For the novice monk, the mature masculine expression of loving punishment becomes his salvation. He goes to prison, and comes back in “Winter”, purged of his demons from the time behind bars, instructed as he was by his Master to accept the punishment that was coming to him. His Master is now dead, having shown transcendence over life by giving his own life as a sacrifice on a funeral pyre, as the karma of his life had been fulfilled. Sidenote: The pearls the returning monk picks out of the ice are relics that appear from the bodies of spiritually realized meditation practitioners.

In a beautiful and climactic scene, the now free monk ties a rope with a heavy grindstone around his waist, and goes into the cold winter woods carrying what I believe is a Kuan Yin statue, the Buddhist embodiment of compassion. This scene is loaded with meaning. There’s the sense that he’s not only carrying the sins of his own past with him. He’s carrying the sins of all humanity. And he takes those sins, and offers their purification as a gift to the world through the blessings of Kuan Yin.
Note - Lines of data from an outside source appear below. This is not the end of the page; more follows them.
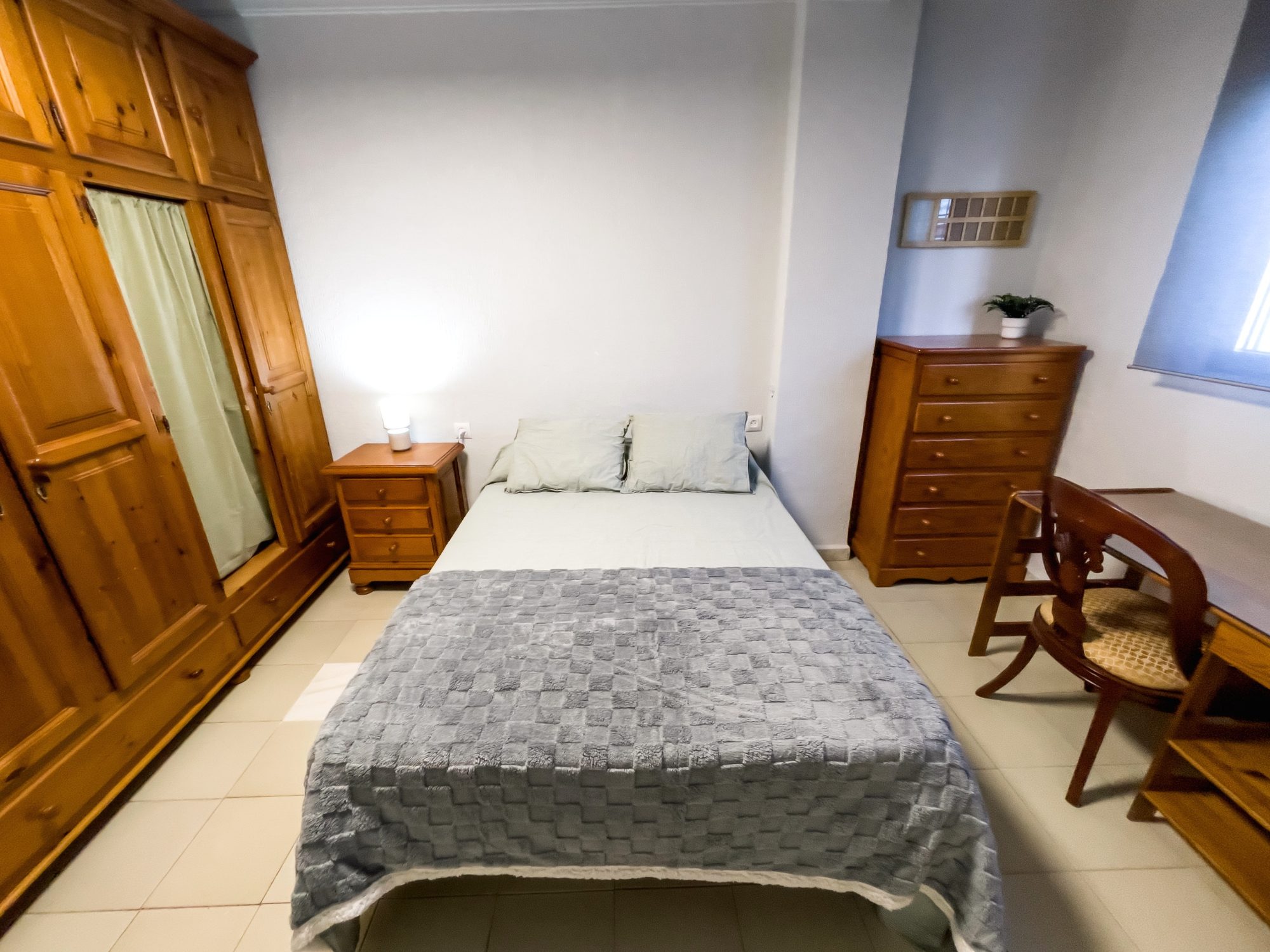 Piso Céntrico de 4 Habitaciones – Juan Manuel Rodriguez Correa/Cruz Roja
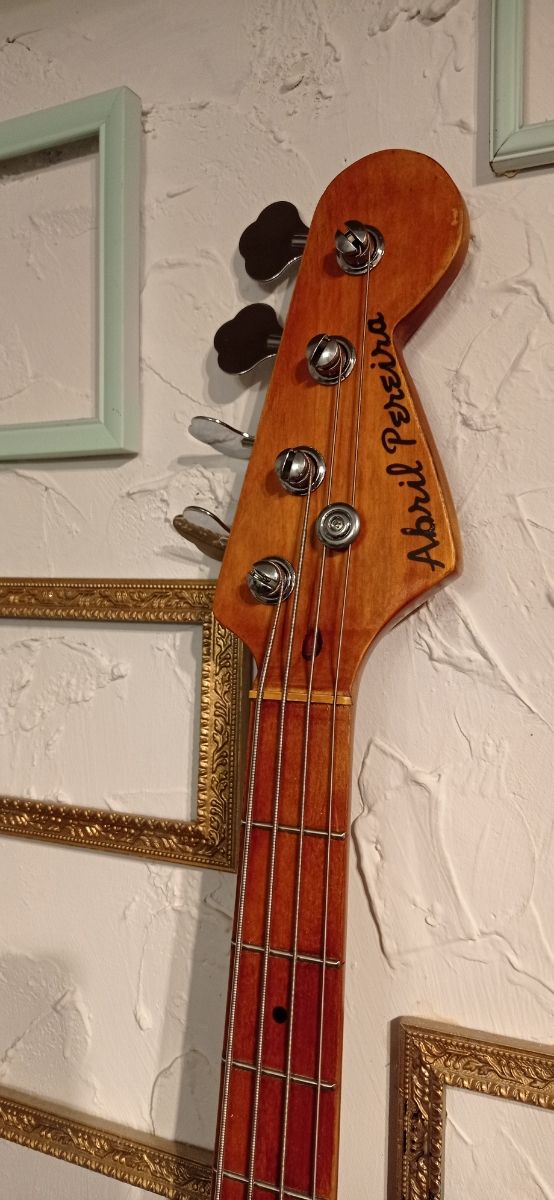 Precision Bass black relic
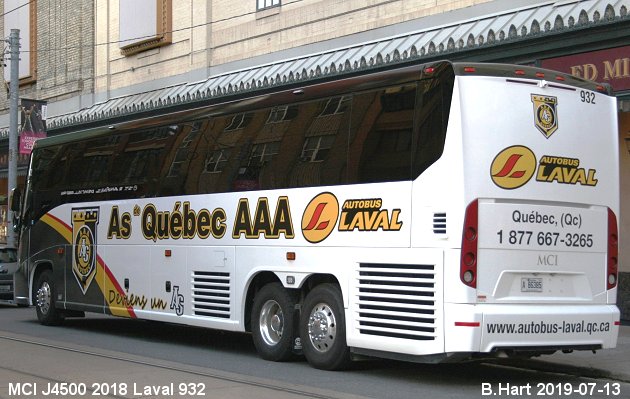 BUS/AUTOBUS: MCI J4500 2018 Laval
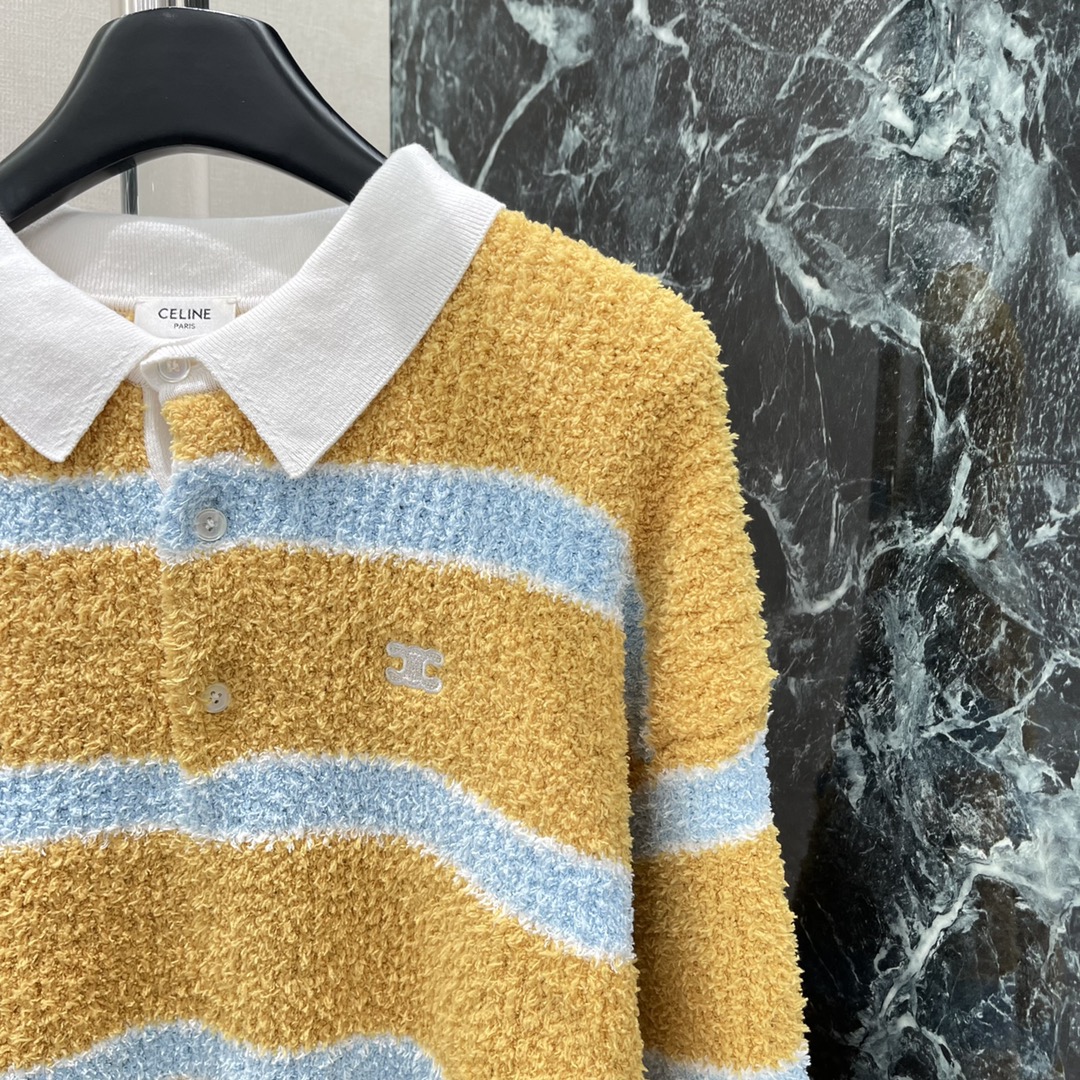 CE 25秋冬新款 凯旋门撞色条纹针织毛衣 领口小设计很有巧思，软软糯糯面料撞色假两件套 颜色超级显白➕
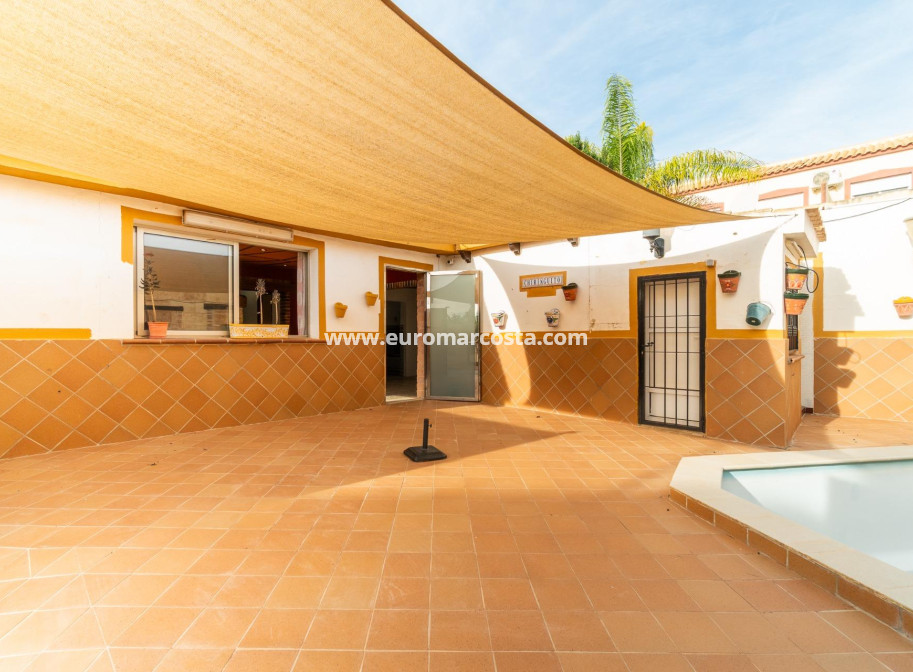 Venta - Villa - Torrevieja - TORREVIEJA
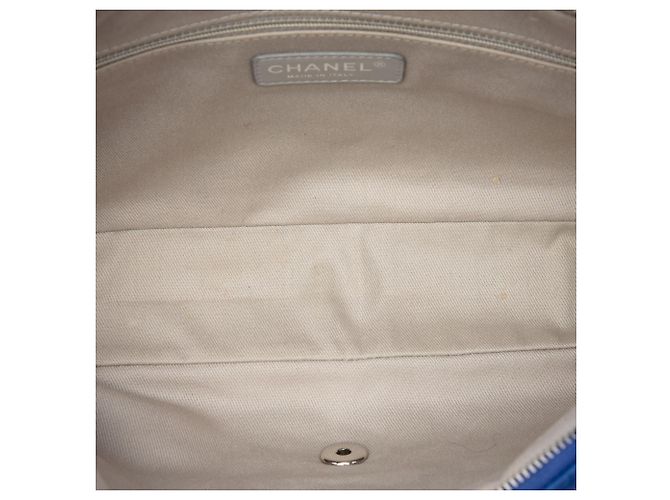 Chanel Blue Jumbo Quilted Caviar Easy Flap - vue 4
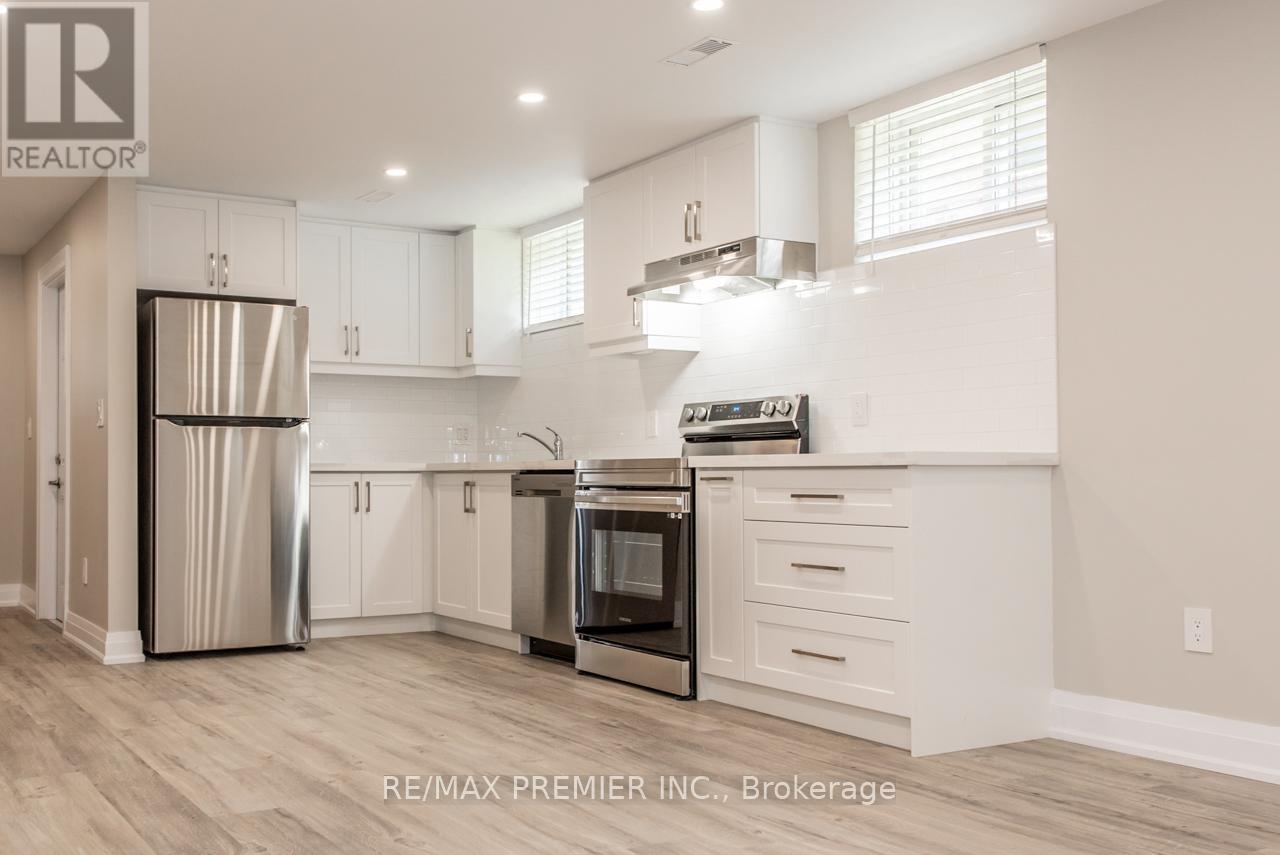 Bsmt - 569 Roding Street, Toronto, Ontario M3M 2A4 - Photo 8 - W13444338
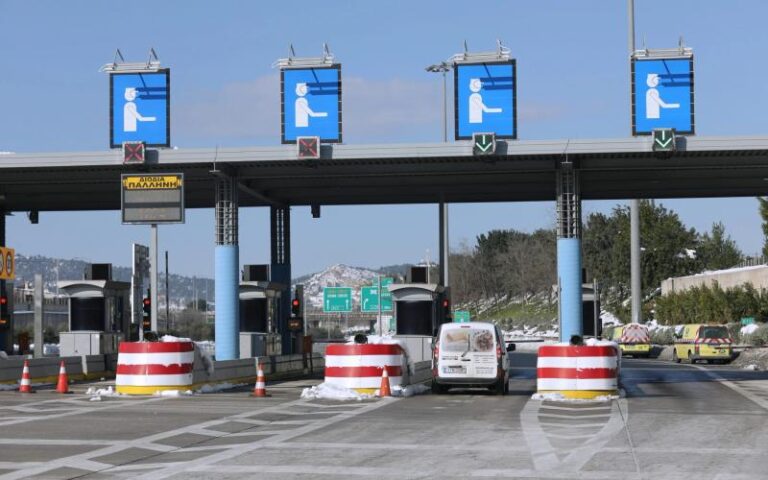 Θεσσαλονίκη: Ζητούν διόδια από δημοτικά οχήματα που πάνε στις φωτιές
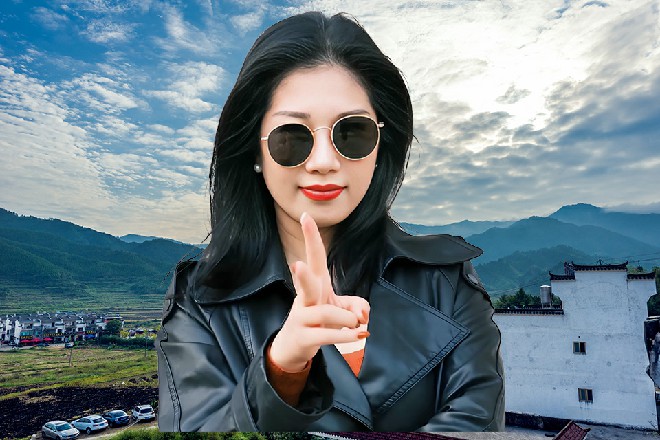 蓝水心咬着嘴唇，直接一扭头，向着山下就飞身略去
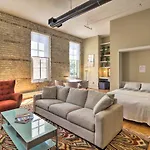 Bright Savannah Loft In Historic District!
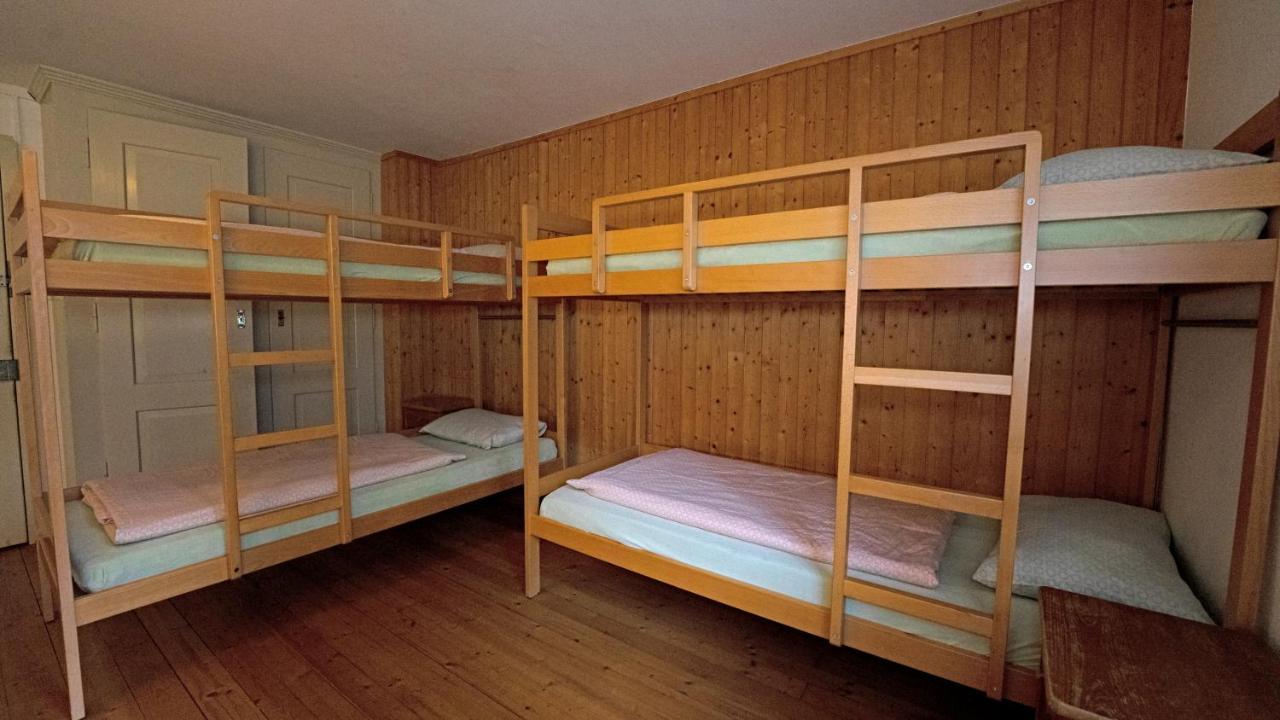 Leissigen Youth Hostel מראה חיצוני תמונה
We cannot change our past. And it bears little fruit dwelling on it. But we can surrender to the world, as it beats the demons out of us (be it through depression, chronic illness etc), and then offer that purification as a gift in service of humanity. Who knows if it makes a difference to the world. But it certainly has made a difference to me. Truth be told though, they are high goals – and I can do little but kneel at their feet. While keeping my heart open as another swing from the master of Life approaches.

Accepting our destiny

The beating goes on. And we can do little but inhale, center ourselves, and surrender in love to what is coming; trying to escape pain is the beginning of our weakness. And then, if we have it in us, we exhale into the world with an open heart, pressing through all pain and misery and obstructions and become a living sacrifice. Remember General Maximus. Remember Christopher. Many of the stories we love are like this. So maybe, to love our life, ours must be too?

Perhaps, though, we’ll postpone the dying part for another day.